Le comunità terapeutiche vengono utilizzate, al momento attuale e ormai da vari decenni, per una vasta gamma di disturbi, che vanno dall’abuso di sostanze, ai disturbi gravi di personalità, alle psicosi in sub acuzie o cronicizzate. Spesso i disturbi sono intrecciati tra loro, in modo da costituire quadri sintomatici complessi, di difficile diagnosi.

È possibile rintracciare due prospettive che convergono nel dispositivo della comunità terapeutica e che ci permettono di definire due fattori cruciali del trattamento.
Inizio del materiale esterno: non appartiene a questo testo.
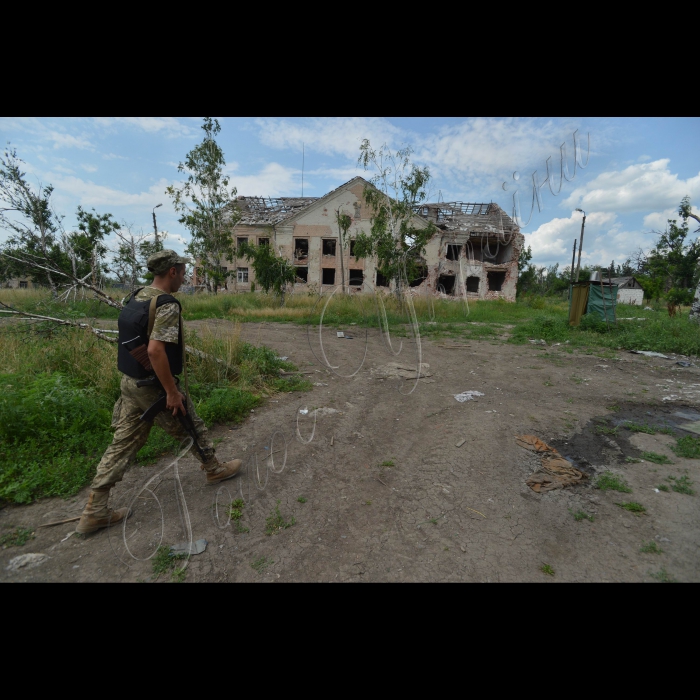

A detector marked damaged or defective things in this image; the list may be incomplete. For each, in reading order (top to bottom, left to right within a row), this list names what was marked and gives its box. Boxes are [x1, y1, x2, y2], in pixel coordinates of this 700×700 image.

broken window [446, 243, 462, 260]
broken window [348, 270, 364, 288]
broken window [374, 270, 392, 288]
broken window [434, 274, 456, 296]
broken window [464, 276, 482, 292]
broken window [484, 268, 506, 290]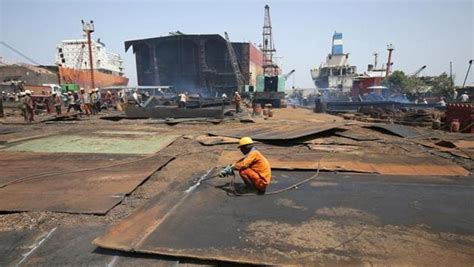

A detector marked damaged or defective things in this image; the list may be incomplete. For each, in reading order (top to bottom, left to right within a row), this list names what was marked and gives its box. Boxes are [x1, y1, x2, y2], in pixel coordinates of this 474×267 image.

rusty steel plate [209, 122, 342, 141]
rusty steel plate [0, 153, 173, 216]
rusty steel plate [218, 151, 470, 178]
rusty steel plate [92, 172, 474, 266]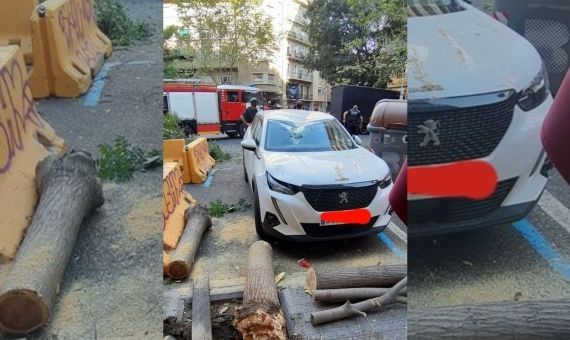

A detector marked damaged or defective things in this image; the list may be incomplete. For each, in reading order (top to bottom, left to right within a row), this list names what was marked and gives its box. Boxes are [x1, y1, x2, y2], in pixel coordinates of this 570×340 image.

dented hood [408, 4, 540, 99]
dented hood [262, 149, 388, 186]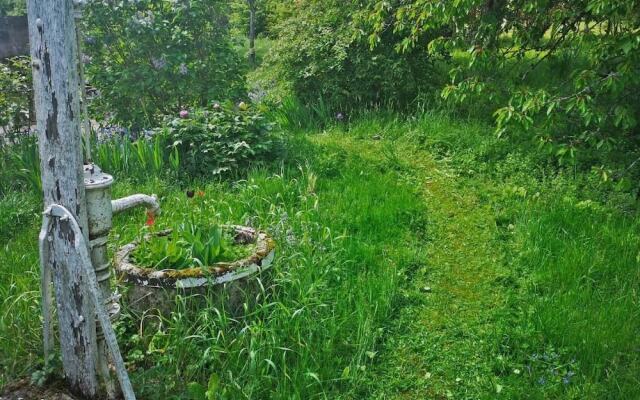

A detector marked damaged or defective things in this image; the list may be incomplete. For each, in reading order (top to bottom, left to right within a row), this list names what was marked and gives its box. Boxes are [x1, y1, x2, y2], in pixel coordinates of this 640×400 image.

peeling white paint on post [26, 0, 99, 396]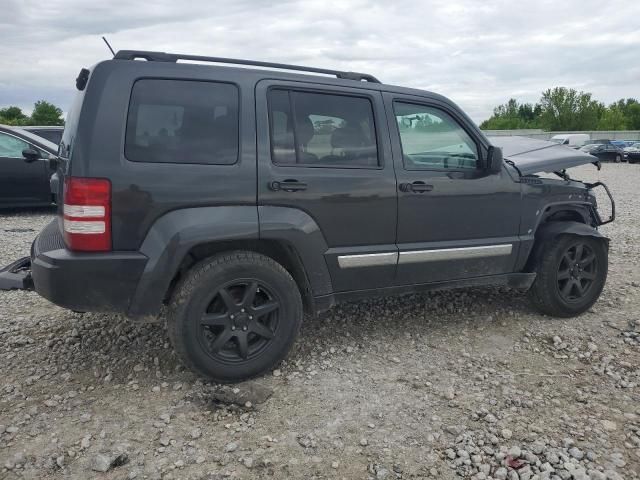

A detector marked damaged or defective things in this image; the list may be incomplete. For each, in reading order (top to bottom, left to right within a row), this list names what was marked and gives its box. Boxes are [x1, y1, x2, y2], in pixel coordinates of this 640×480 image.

crumpled hood [490, 135, 600, 174]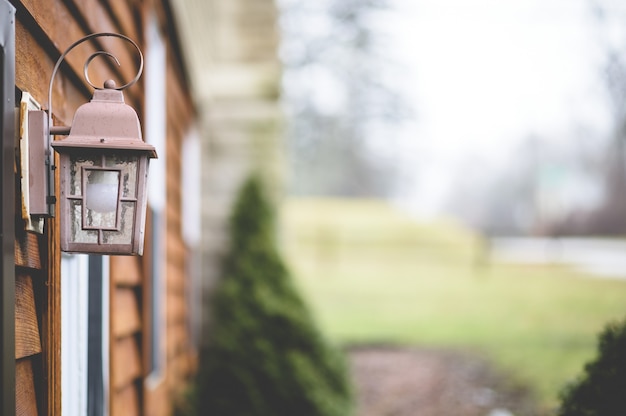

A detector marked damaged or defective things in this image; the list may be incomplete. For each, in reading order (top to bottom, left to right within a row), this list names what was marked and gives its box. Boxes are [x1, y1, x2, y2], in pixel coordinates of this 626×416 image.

rusty metal lantern [28, 35, 156, 256]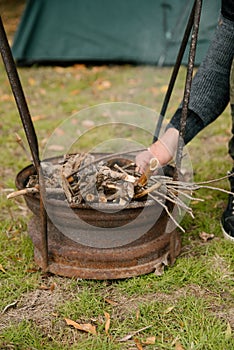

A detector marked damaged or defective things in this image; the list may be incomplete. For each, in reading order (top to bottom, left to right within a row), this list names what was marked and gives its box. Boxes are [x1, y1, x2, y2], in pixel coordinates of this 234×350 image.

rusty fire pit [15, 154, 182, 280]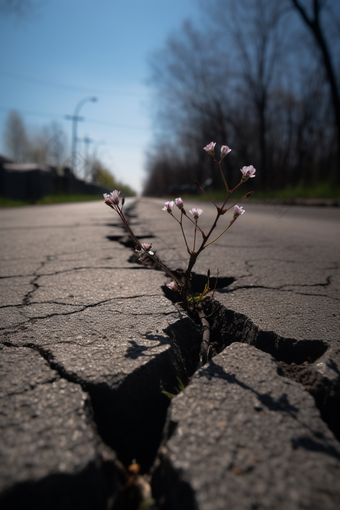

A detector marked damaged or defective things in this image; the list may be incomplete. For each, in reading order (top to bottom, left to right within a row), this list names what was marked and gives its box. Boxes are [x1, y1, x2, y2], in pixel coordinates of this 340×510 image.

cracked asphalt surface [0, 199, 340, 510]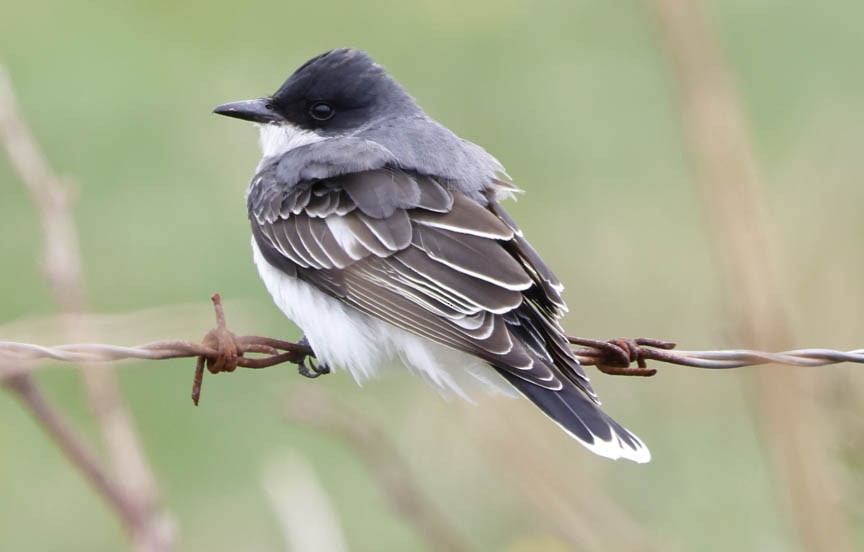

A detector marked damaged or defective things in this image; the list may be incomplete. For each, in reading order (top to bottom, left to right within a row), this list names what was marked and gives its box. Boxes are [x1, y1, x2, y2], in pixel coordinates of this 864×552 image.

rusty barbed wire [1, 296, 864, 398]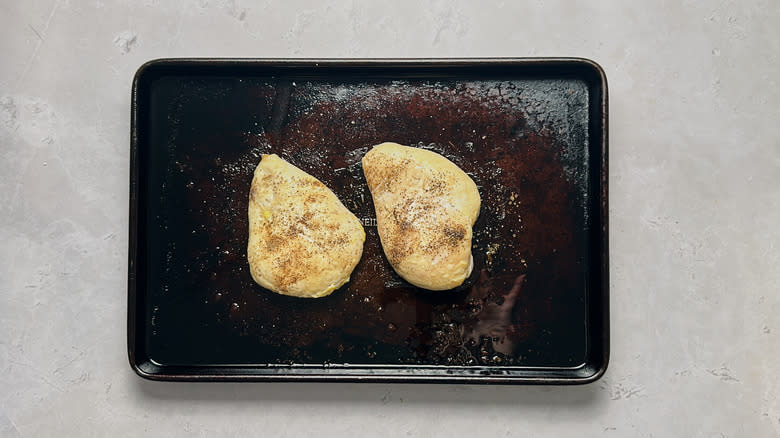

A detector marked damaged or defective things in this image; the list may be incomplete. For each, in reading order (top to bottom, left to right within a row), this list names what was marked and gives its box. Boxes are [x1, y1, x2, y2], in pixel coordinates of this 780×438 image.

burnt residue on tray [142, 74, 592, 366]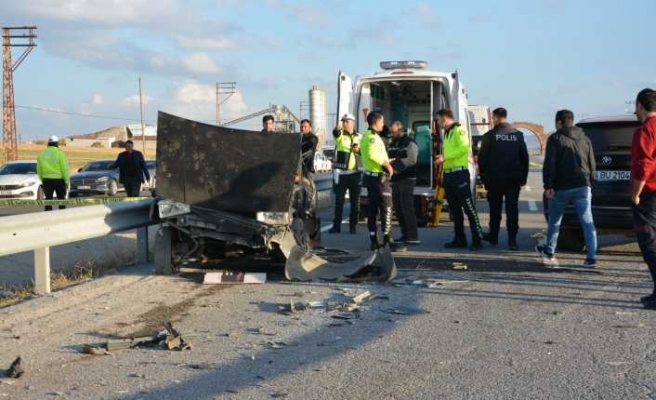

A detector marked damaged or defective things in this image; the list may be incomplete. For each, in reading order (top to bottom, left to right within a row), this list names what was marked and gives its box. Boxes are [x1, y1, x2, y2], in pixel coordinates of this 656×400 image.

crashed car hood [156, 111, 302, 214]
wrecked car [152, 111, 394, 282]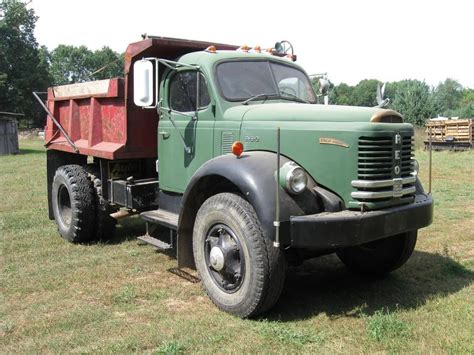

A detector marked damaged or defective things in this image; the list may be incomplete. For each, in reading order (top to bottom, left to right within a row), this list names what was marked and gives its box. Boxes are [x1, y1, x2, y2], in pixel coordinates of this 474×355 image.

rusty dump bed [44, 36, 237, 160]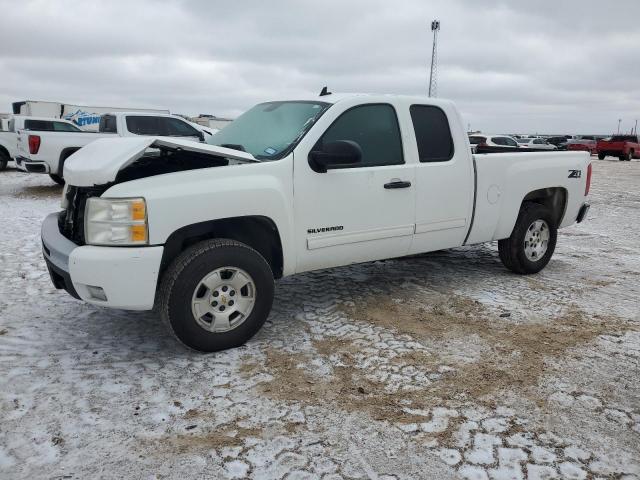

La prima, che potremmo definire individuale, valorizza la funzione protettiva e facilitante del contesto, che viene visto, tendenzialmente, come un elemento terzo, tra paziente e curante, e quindi tale da permettere un rapporto a due, che resterebbe altrimenti reso difficile dalla intensità della dimensione transferale. In un’altra prospettiva, si sottolineano invece i fattori collettivi e gruppali, insistendo sul valore terapeutico complessivo del contesto comunitario, inteso come dispositivo, non solo umano, ma culturale, capace di offrire un accoglimento affettivo, ma per così dire, strutturato e ordinato. In questa seconda prospettiva, si potrebbe dire, in modo molto semplificato, che “è il gruppo che cura”, mentre nella prospettiva individuale, si potrebbe dire che “il terapeuta cura, coll’aiuto del gruppo”.